The court then, addressing itself to the facts in the case it was considering, said:

“But in this case the tender of the money was waived by the defendant, and the jury have found that the plaintiff was ready, able, and willing to comply with his part of the contract. If he was not, in the sense that he did not have the money under his control and within his reach, so that he could put his hands on it and pay it over to the defendant at any moment, the defendant has not put him in default by tendering a deed for the land, thus ‘cutting of f plaintiff s right to treat the contract as still existing, as said above. How can the defendant be hurt, in that respect, by the judgment of the *397court? The payment of the money is assured, for the plaintiff must pay it into court before he is entitled to receive the deed.” (Italics supplied)
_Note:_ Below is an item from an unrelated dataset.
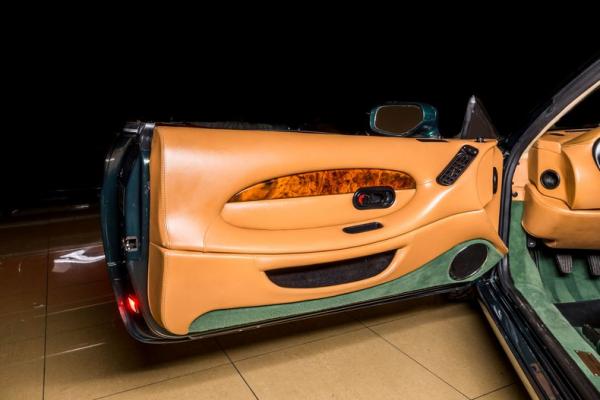 1998 Aston Martin DB7 Vantage Volante Convertible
In the Bateman case the court further said:

“The following are special rules upon the subject, which seem to be settled: ‘(1) An actual tender by the plaintiff is unnecessary when, from the acts of the defendant or from the situation of the property, it would be wholly nugatory. Thus, if defendant has openly refused to perform, the plaintiff need not make a tender or demand; it is enough that he is ready and willing and offers to perform in his pleading. [Citing numerous cases including White v. Dobson, supra.] (2) Where the stipulations are mutual and dependent — that is, where the deed is to be delivered upon the payment of the price — an actual tender and demand by one party is necessary to put the other in default, and to cut off his right to treat the contract as still subsisting. . . .’ ” 157 N. C. at 372-73, 73 S. E. at 134, 135.

In the instant case the conditions of the option were mutual and dependent. There was to be no payment of purchase money by the buyers without the delivery of an executed deed by the sellers. Therefore, if Hesson desired to cut off Mundy’s right to treat the contract as still subsisting, Hesson was under obligation to tender a good and sufficient deed with general warranty of title after having allowed Mundy a reasonable time for title examination.

Manifestly Hesson’s actions on September 19, 1972 did not constitute a compliance with the terms of the option. No reasonable man would normally expect another to have $91,000 cash in his office, or even readily available; or that any purchaser of real estate would surrender $91,000 without a title examination and without being in receipt of a good, valid and sufficient deed from the sellers. However, it has been Hesson’s position throughout this case that he should have been paid $91,000 in cash during the sixty-day option period, and that since he was not paid in cash, and upon his demand, then the “deal was off”. His position was that he was absolved from any responsibility or obligation to the buyers following hisconfrontation with Mr. Mundy on September 19th. This being true, and having done nothing on his own part to comply with his agreement to sell, he is not entitled, in a court of equity, to *398argue that Mundy was not ready, willing and able to comply with his part of the contract.

Paraphrasing Bateman v. Hopkins, supra, if the ability of the Mundys to pay is the issue, how can the Hessons be hurt by a decree of specific performance? The payment of the money is assured for the Mundys must pay it into court before they are entitled to a deed from the Hessons, or from a special commissioner in their behalf.

I’Anson, C.J., and Cochran, J., join in this dissent.